Vayishra looked as if he meant to say something more. However, he was interrupted by the voice of his com officer, which Picard had by then heard often enough to recognize as easily as his own.

“Captain,” said the officer, “I have Admiral Mehdi. He wishes to speak with both you and Captain Picard.”

The two men exchanged glances. Vayishra seemed to be of the same opinion as Picard—that they wouldn’t appreciate what they were about to hear.

“Patch it through to the main engineering console,” said Vayishra.

“Aye, sir,” said the com officer.

Picard and Vayishra moved to the console in question. It was in the same place as the one used by Simenon on the Stargazer. A moment later, Mehdi’s image appeared on a monitor screen. He looked as if he hadn’t been sleeping very well.

“Good news?” Picard asked hopefully, despite the admiral’s appearance.

“I wish it were,” said Mehdi.

Do not tell me that something happened to the shuttle, Picard insisted silently. Please do not tell me that.

“Two more of our ships have been attacked,” Mehdi reported. “The Ojanju and the Gettysburg. Both of them managed to send out warnings to the fleet before they fell incommunicado.”

Picard absorbed the information.

“Judging by the coordinates of the attacks,” the admiral continued, “our adversaries are steadily moving toward the heart of the Federation. They’ll reach Earth in a matter of days if we don’t stop them.”

Picard understood the significance of Mehdi’s observation. However, it was Vayishra who expressed it out loud.

“It’s been more than a hundred years,” he said, “since an enemy has gotten within firing range of Earth.”

And back then, Picard noted, there was significantly less at stake—the fate of a single planet, not an entire union of worlds. If Starfleet Command were destroyed, the damage to the Federation would be incalculable.

“Command has decided that we’ll make a stand,” said Mehdi, “with all the firepower we can muster. The Antares, I understand, is in no shape to fight….”

“However,” Picard inferred, “the Stargazer is—and you want her to be part of the effort.”

“What I want,” said Mehdi, “is for you to be off studying worlds we’ve never seen before, looking for new forms of life and undiscovered civilizations. But under the circumstances, yes, I’d like you to be part of the Federation’s defense.”

Picard nodded. “Consider it done, sir.”

Mehdi fashioned a halfhearted smile. “Thank you, Captain. I’ll transmit the pertinent coordinates.”

Picard didn’t like seeing the admiral this way.

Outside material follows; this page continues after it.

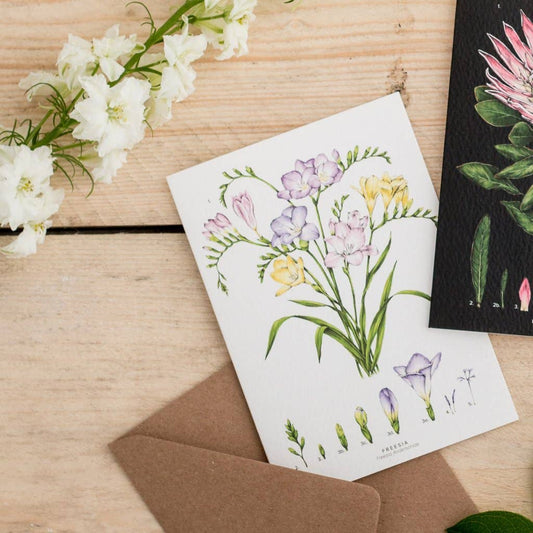 Freesia Card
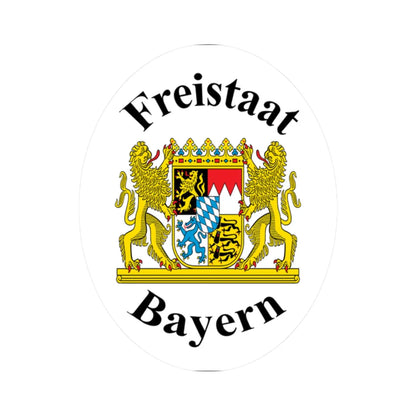 Free State of Bavaria Sign (Germany) (Coat of Arms) STICKER Vinyl Kiss-Cut Decal 2 Inch White - The Sticker Space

He seemed to be carrying the weight of the entire Federation on his narrow shoulders. “We will stop them,” the captain blurted, attempting to sound as reassuring as possible.

Mehdi appeared to brighten a bit. “I trust you’re right,” he said. He looked around. “I’ve grown rather fond of this place. I’d hate to lose it.”

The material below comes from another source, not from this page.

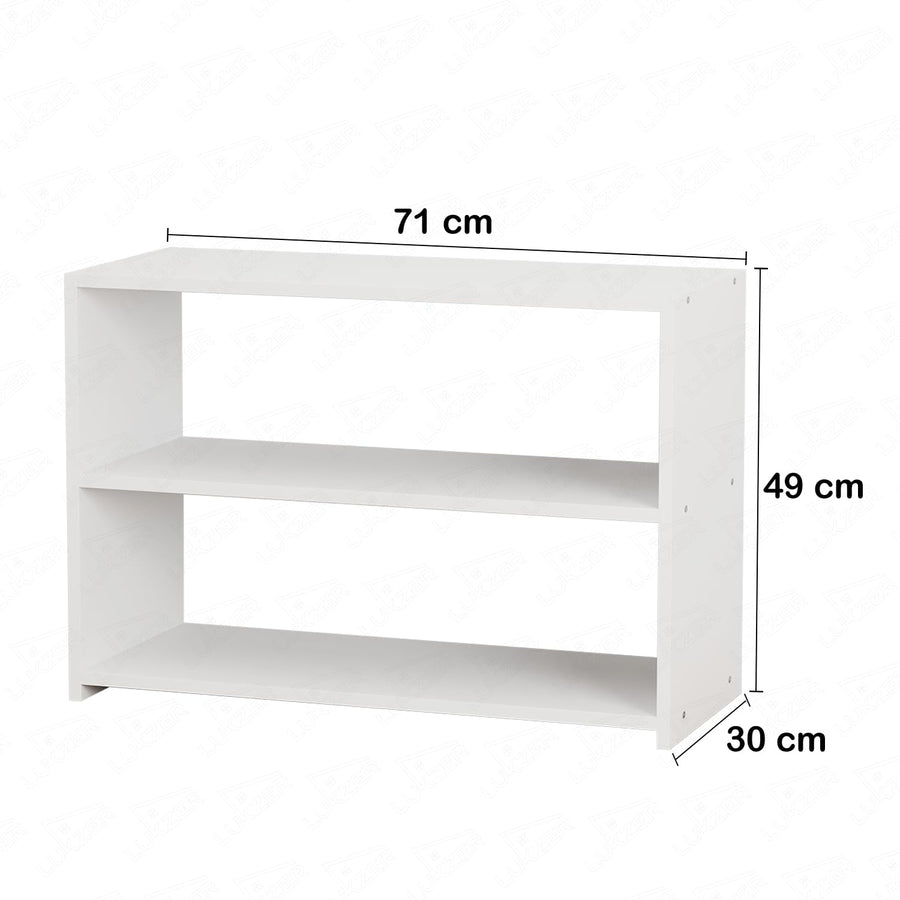 Lukzer 3-Tier Engineered Wood Shoe Storage Shelf (SR-004/White)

And his image vanished from the screen.

“This place,” said Vayishra, echoing the admiral’s words. “I wonder if he meant his office…or Earth.”

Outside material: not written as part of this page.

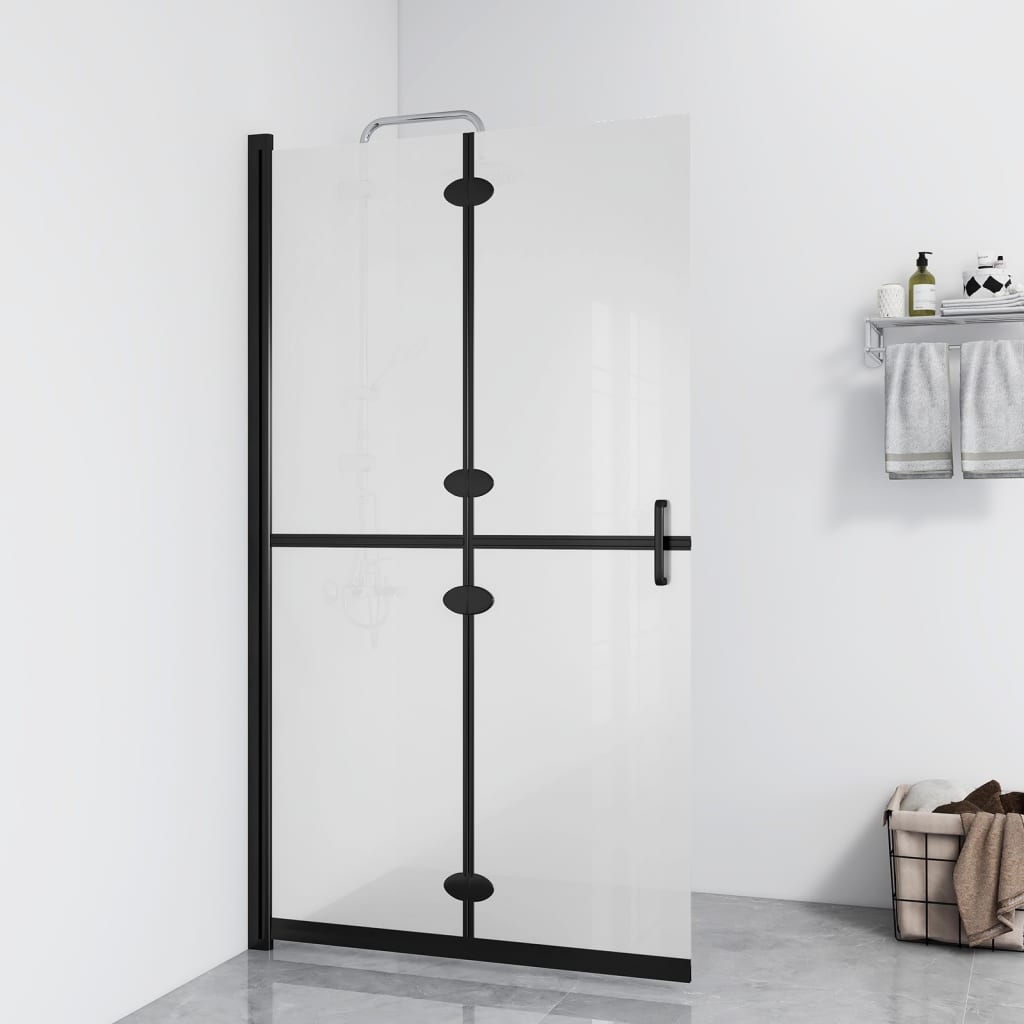 Vidaxl begehete Duschwand zusammenklappbar 80x190 cm ESG-Glas Matte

It was an ominous question. Picard didn’t have the stomach for answering it. Neither did Vayishra, apparently.

Picard turned to his colleague. “I hate to leave the Antares to her own devices.”

“Don’t worry,” said Vayishra, “we’ll manage. It’s the Stargazer I’m concerned about.”

Picard regarded Vayishra, wondering what, exactly, the fellow intended by his remark. After all, he was an ally of McAteer. Was he implying that the Stargazer’s captain wouldn’t be equal to the task in front of him?

“We’ll manage as well,” he said, unable to quite keep the indignation out of his voice. Then he started for the exit.

“Picard,” said Vayishra.

Picard stopped and turned. “Yes?”

“All I meant was that you’ll be on the front line. Nothing else, I promise you.”

Picard took the remark at face value. “Thank you,” he told Vayishra. Then he turned again, and left engineering for the nearest transporter room.